### The task
The answer must consist of every line in the data below that holds the word "Avenue".
===== Available data
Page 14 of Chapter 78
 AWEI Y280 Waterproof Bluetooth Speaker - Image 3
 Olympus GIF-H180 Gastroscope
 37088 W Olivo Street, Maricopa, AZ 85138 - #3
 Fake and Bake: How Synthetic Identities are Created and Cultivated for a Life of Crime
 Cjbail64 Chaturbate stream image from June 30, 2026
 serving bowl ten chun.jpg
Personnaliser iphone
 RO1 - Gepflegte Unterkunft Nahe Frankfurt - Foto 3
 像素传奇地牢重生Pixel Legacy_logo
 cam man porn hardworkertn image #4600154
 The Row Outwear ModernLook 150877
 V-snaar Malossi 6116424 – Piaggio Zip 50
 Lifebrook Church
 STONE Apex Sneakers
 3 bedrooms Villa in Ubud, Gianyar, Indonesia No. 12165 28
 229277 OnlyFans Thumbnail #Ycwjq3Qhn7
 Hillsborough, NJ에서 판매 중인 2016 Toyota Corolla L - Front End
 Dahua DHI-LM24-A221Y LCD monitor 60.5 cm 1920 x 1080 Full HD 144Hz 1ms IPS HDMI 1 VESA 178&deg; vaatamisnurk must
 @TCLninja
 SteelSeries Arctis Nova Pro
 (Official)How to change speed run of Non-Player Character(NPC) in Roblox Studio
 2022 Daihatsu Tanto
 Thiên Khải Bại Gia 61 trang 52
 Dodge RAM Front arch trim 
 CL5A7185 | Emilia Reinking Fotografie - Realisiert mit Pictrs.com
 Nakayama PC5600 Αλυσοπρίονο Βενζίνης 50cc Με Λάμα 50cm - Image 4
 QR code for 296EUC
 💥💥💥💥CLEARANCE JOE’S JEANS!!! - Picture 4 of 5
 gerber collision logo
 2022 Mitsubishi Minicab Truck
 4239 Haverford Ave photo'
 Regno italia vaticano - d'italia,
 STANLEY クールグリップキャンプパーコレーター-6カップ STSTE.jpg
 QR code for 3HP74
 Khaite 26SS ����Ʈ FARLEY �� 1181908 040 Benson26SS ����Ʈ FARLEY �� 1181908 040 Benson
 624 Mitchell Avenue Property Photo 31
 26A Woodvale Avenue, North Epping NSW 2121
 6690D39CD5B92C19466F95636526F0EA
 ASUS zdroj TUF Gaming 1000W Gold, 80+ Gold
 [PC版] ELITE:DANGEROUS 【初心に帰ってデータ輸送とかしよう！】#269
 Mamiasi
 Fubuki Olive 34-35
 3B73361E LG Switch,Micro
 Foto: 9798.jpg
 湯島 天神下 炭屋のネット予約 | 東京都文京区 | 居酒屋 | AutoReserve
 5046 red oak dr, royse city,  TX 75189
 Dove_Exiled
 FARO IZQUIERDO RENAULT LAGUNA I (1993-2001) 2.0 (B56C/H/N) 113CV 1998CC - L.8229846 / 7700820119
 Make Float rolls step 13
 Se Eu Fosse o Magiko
==========
### Exercise result
 624 Mitchell Avenue Property Photo 31
 26A Woodvale Avenue, North Epping NSW 2121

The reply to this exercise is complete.